Zuidned. schilder en prentkunstenaar, *15.12.1610 Antwerpen, †25.4.1690 Antwerpen; zoon en leerling van David Teniers de Oude, schoonzoon van Jan Brueghel de Oude. Teniers, die in 1632 vrijmeester werd, kopieerde aanvankelijk andere meesters.
In 1644 wordt hij genoemd als deken van het Sint-Lucasgilde te Antwerpen. Sinds 1651 was hij conservator van de belangrijke kunstverzameling van aartshertog Leopold Wilhelm, sinds 1656 van diens opvolger Don Juan van Oostenrijk. Voor koning Filips IV van Spanje schilderde Teniers vele werken. Aan de talrijke opdrachten kon hij voldoen door zijn ongelooflijk vlotte penseel. Toch behielden zijn werken een boeiende inhoud; zij geven een treffend beeld van de Vlaamse volksziel, die hij o.a. in kermisscènes en boereninterieurs wist uit te beelden. Interessant zijn daarnaast de schilderijen van interieurs van schilderijenzalen, die vele te herkennen werken tonen en zodoende een unieke kunsthistorische documentatie vormen.

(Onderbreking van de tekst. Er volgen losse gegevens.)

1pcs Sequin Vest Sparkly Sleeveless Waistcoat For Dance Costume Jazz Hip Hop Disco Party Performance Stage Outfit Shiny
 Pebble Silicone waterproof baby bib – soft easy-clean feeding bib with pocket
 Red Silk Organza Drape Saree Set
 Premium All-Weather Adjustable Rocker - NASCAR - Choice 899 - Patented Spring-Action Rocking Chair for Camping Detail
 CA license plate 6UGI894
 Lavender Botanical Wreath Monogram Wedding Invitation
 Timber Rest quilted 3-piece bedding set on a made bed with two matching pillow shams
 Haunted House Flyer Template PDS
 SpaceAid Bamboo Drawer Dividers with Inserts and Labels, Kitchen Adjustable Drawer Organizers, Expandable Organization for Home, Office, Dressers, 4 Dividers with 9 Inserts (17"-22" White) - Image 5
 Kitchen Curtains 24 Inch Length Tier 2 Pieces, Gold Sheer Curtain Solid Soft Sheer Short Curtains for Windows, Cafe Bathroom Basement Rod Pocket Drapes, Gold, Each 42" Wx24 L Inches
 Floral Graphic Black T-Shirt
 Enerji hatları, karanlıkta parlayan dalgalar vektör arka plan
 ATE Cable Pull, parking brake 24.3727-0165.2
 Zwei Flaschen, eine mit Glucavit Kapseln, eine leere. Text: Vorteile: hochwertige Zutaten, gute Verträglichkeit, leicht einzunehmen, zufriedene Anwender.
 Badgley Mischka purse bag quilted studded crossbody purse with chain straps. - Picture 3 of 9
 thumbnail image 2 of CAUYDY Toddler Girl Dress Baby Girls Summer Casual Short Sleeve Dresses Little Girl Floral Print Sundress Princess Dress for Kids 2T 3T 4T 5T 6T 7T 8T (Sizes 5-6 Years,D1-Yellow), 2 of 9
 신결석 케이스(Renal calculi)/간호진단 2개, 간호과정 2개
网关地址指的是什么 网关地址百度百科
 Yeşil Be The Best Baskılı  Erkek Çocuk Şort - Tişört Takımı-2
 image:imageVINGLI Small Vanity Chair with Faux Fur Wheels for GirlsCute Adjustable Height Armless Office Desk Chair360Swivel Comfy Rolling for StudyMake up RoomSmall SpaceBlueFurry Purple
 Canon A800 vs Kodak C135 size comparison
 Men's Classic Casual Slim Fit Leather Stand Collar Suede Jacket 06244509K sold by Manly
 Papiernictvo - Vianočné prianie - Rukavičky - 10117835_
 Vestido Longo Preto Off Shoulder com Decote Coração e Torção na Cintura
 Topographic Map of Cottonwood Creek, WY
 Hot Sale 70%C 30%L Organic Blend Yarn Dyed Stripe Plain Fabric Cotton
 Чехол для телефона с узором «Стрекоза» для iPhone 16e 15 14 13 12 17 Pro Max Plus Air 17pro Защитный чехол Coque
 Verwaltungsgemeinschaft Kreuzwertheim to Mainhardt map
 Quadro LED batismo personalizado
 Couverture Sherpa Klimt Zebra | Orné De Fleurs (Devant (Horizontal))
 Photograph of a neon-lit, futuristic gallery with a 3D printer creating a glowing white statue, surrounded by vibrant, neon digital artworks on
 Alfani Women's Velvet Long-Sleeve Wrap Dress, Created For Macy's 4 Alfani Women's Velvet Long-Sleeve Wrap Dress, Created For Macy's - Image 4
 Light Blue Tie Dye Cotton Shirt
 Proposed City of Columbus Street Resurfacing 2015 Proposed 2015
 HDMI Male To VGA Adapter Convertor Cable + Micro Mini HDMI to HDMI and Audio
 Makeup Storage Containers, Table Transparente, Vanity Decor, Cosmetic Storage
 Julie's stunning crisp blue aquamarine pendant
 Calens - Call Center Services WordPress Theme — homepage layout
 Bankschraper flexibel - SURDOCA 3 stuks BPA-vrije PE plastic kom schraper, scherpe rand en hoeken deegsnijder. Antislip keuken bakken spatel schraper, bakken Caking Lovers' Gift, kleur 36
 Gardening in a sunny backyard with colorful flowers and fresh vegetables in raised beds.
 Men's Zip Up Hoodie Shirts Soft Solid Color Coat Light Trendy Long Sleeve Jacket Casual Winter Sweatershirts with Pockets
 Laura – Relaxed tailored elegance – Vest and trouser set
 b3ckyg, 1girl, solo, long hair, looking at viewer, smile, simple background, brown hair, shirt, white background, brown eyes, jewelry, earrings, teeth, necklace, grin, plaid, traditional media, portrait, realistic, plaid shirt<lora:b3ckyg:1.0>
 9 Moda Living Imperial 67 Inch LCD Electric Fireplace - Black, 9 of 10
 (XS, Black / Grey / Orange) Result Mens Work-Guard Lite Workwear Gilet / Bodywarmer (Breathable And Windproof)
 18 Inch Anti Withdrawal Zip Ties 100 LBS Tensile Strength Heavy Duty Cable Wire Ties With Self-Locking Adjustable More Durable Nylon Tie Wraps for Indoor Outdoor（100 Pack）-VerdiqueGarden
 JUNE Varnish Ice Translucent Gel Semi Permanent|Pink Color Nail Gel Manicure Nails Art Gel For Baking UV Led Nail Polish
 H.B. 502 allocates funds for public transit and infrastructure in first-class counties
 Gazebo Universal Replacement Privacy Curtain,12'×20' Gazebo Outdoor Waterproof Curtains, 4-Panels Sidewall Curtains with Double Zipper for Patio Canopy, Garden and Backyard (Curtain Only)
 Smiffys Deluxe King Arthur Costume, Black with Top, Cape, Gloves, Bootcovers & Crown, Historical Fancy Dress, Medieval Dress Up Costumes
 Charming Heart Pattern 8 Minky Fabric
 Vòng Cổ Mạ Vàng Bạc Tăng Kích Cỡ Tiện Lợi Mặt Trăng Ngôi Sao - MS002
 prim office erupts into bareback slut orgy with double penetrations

In 1660 graveerde Teniers 244 schilderijen uit het bezit van de aartshertog onder de titel Theatrum pictorium. Met de jaren onderging zijn koloriet een verandering: aanvankelijk was de tint goudachtig bruin, later werd zijn werk meer helder van toon, gemengd met blauw en grijs met een parelachtige glans. Teniers stond in nauwe relatie tot Rubens. In 1663 stichtte hij te Antwerpen de nog bestaande academie, die de taak van het middeleeuwse gilde inzake de opleiding van jonge kunstenaars voor een belangrijk deel zou overnemen. Teniers had vele leerlingen en navolgers, waardoor veel van hun werken op zijn naam staan.
LITT. S.Speth-Holterhoff, Les peintres flamands de cabinets d’amateur au 17e siècle (1957); W.von Bode, Die Meister der holländischen und flämischen Malerschulen (2e dr. 1958).